Online Sharing With StumbleUpon and Gmail Is Outpacing Facebook - shawndumas
http://www.theatlantic.com/technology/archive/2010/12/online-sharing-with-stumbleupon-and-gmail-is-outpacing-facebook/68695/
======
zalew
If I was to judge by my habits, this stats can be really broken. The only
option I use AddThis for is sharing by email. In stats it'd be that I share by
email 90% of the time, while I use 'share on facebook' buttons all day long,
and AddThis I got installed only to save clicks when sharing with people who
are not on fb.

------
jawee
Could it be that websites like del.icio.us and StumbleUpon _generally_ have
better sharing methods already than e-mail, which is not as quick of a method?
Sites that are dedicated to sharing generally have bookmarklets, browser
toolbars, and other programs to make it easier, whereas e-mail is something
that it may be easier to do with AddThis.

------
presty
the trend I've been seeing (very limited view) is people creating a tumblr and
sharing stuff through there.

i guess there's an opportunity to attack facebook around here.

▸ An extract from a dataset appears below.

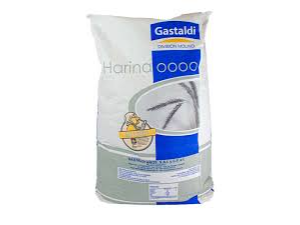 harina 0000 x 25k GASTALDI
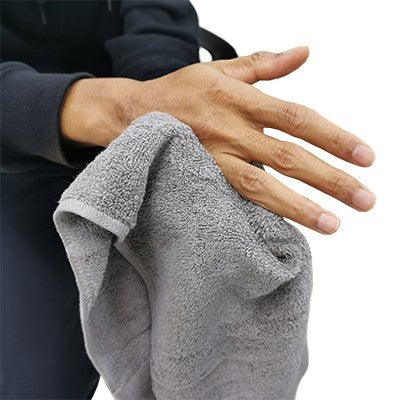 Pure Cotton Towel with Drawstring Pouch 2 (740x340) - 100g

people who create tumblr blogs usually are not only following people who they
know, but mostly people they don't know. since tumblr is not social network in
the sense that you don't have to give them your private info, there's not much
of a privacy issue. you can follow random people and get followed back by
randoms (but not necessarily) you can also share all kinds of stuff you
probably don't want on your facebook.

plus it's customizable with themes.

i guess it's myspace gone right? or maybe twitter/friendfeed for non-techies?